• Exercise objective: The line containing "Conjunto 2 Tapetes" marks the end: copy exactly every line from the start of the records below up to and including it, leaving out pictures.

• Exercise data:
-=-=-=-=-

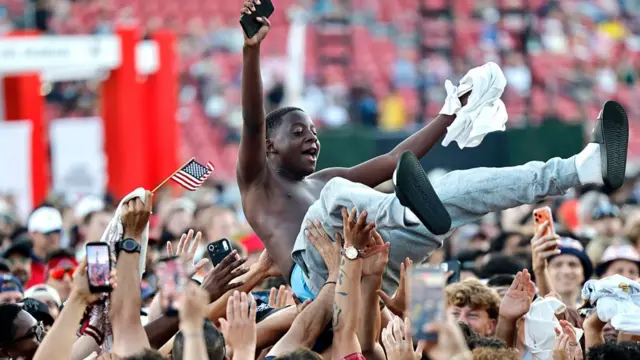 United States fans celebrate at the FIFA Fan Festival at LA Memorial Coliseum after the U.S. defeated Paraguay 4-1 on June 12, 2026 in Los Angeles, California.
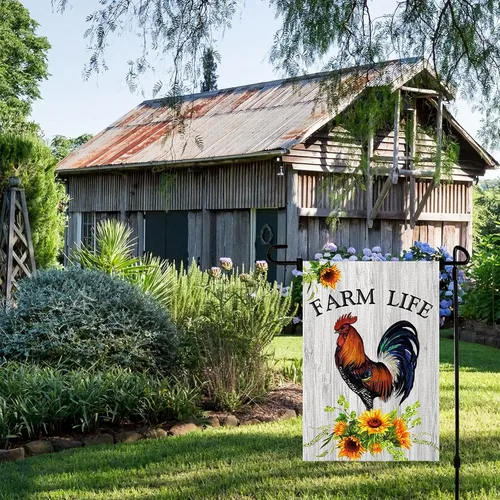 Miniatura 5 de Bandera de Farm Life, bandera de bienvenida para jardín, girasol de gallo de pollo, decoración para bandera exterior, vertical de doble cara de 12 x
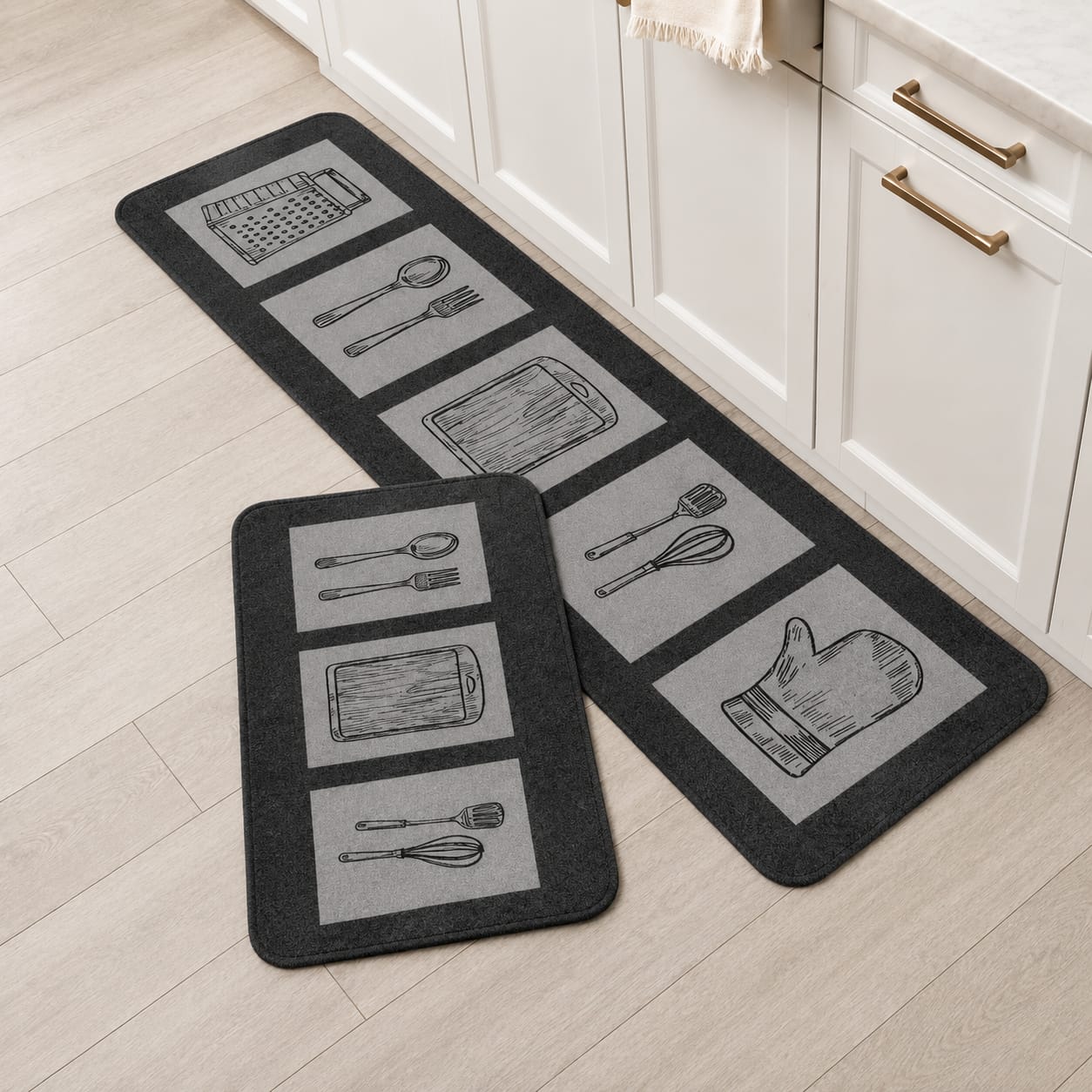 Conjunto 2 Tapetes de Cozinha Antiderrapante Estampado – Brivar Decor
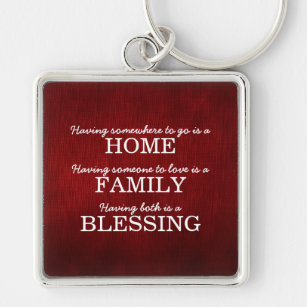 Motivational Typography Family Quote Keychain
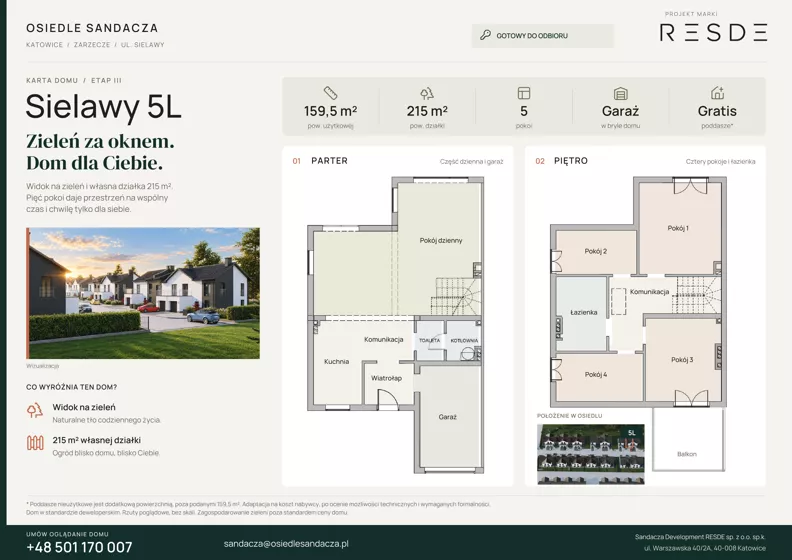 Dom 159,50 m², oferta nr Sielawy 5L, Osiedle Sandacza Etap III, Katowice, Zarzecze, ul. Sielawy 5J-5M, 7J-7M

-=-=-=-=-

• Answer box:
 United States fans celebrate at the FIFA Fan Festival at LA Memorial Coliseum after the U.S. defeated Paraguay 4-1 on June 12, 2026 in Los Angeles, California.
 Miniatura 5 de Bandera de Farm Life, bandera de bienvenida para jardín, girasol de gallo de pollo, decoración para bandera exterior, vertical de doble cara de 12 x
 Conjunto 2 Tapetes de Cozinha Antiderrapante Estampado – Brivar Decor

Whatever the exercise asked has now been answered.